Parents were randomly assigned to view one of the following:

  1. The front of the package by itself, or
  2. The front and back/side of the package, (whichever included the nutrition facts panel (NFP) and the ingredients list, and the percentage of juice). 

The parents were offered a “Yes or No” response to indicate whether they thought the beverage contained added sugar or LNCS. They were also asked to use a sliding scale (0%-100%) in order to indicate their understanding of the beverage’s percentage of juice.

Parents were then asked to indicate whether products with names identifying the type of beverage (i.e. “juice drink” or “100% juice”, etc.) contained added sugar or LNCS. Finally, they were asked to indicate the percentage of juice the beverage contained. 

Among the findings:

  • The majority of parents, up to 90%, depending on the product, were competent in identifying beverages with added sugar.  When shown the ingredient list, their accuracy improved further. 
  • Fewer than half of the parents correctly determined that drinks did not contain added sugar, based on the beverages’ statements of identity (legal definitions).  This suggests that parents may be unfamiliar with the formal distinctions between the various beverages.

How informative is this study?  Perhaps less so than the authors had hoped, for several reasons.  First, the authors admitted the survey tool hadn’t been validated.  How should we interpret the results of a study that used an unvalidated tool?  Some in the scientific community might have difficulty taking these results seriously. 

Further, the authors’ conclusion that, “The present findings support the need for revised regulations that clearly and consistently convey drink ingredients, including added sugar, LNCS and type and percentage of juice,” is troubling.  It could also be argued that many physicians and healthcare professionals are similarly unfamiliar with legal beverage descriptions.  The authors’ conclusion stops short of suggesting that if consumers were simply more knowledgeable, then they would choose water that is unflavored, flavored water that is not sweetened with sugar or LNCS, or 100% juice, as opposed to beverages with added sugar or LNCS.  

The assumption that consumers would make different choices if more information were ‎available is baseless. Merely providing additional product ingredient information won’t necessarily alter behavior. This information may help inform choices, but it won’t necessarily change them. To suggest otherwise dismisses the consumer’s power of free choice.  Providing caloric information on menu boards at fast food restaurants, for example, doesn’t necessarily prompt consumers to order differently.  Their menu decisions, however, may be more informed.  

Moreover, in addition to 100% juice, beverages that include LNCS may be very useful options when reducing added sugars is a goal.  The 2019 policy statement of the American Academy of Pediatrics aligns, as it states: “Individuals affected by certain conditions (e.g., obesity and type 1 or 2 diabetes mellitus) may benefit from the use of LNCS if substituted for caloric sweeteners.” 

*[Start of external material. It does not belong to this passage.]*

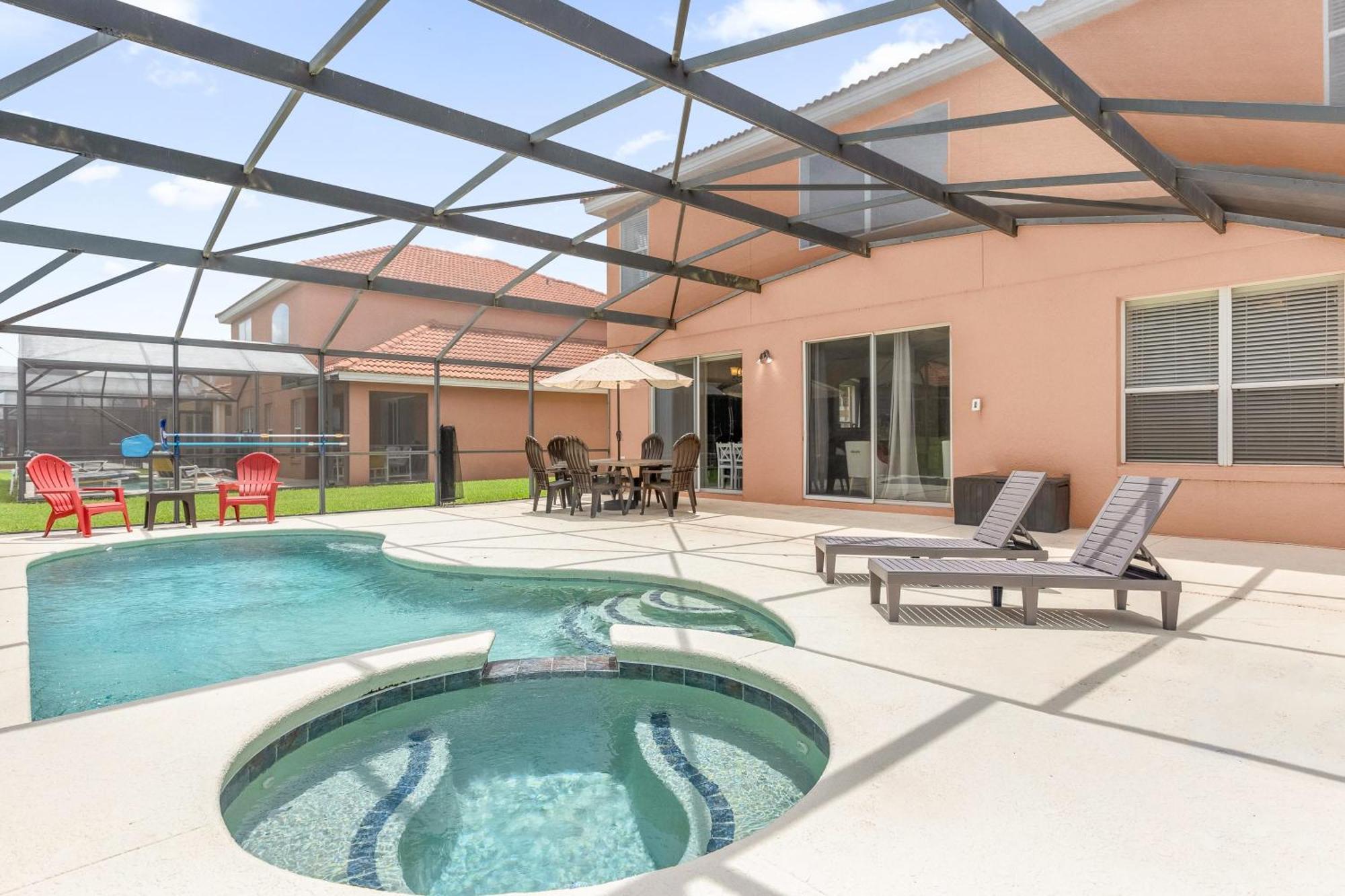 Large Spacious Home W Private Pool & Hot Tub Davenport Exteriör bild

The authors also discount the possibility that the more consumers know about LNCS, the more they will realize they have no reason to fear them.  These ingredients are simply tools for reducing sugar intake.  As with all tools, they should be used wisely.  LNCS are not a “cure” for obesity, type 2 diabetes or any condition, nor should they be given the burden of being such.   

Finally, it’s doubtful that consumers are familiar with the mountain of research documenting the safety of LNCS across all populations, including children.  Although LNCS are not recommended for children under age two years, this is not due to issues of safety.  Rather, the goal in infants and toddlers is to provide a diet that doesn’t displace valuable nutrients in the often-modest volume of food and fluids this age group consumes.  Proper labeling should inform consumers about food and beverage products and their ingredients by providing accurate information that assist them in making choices that fit the needs of their children and themselves. 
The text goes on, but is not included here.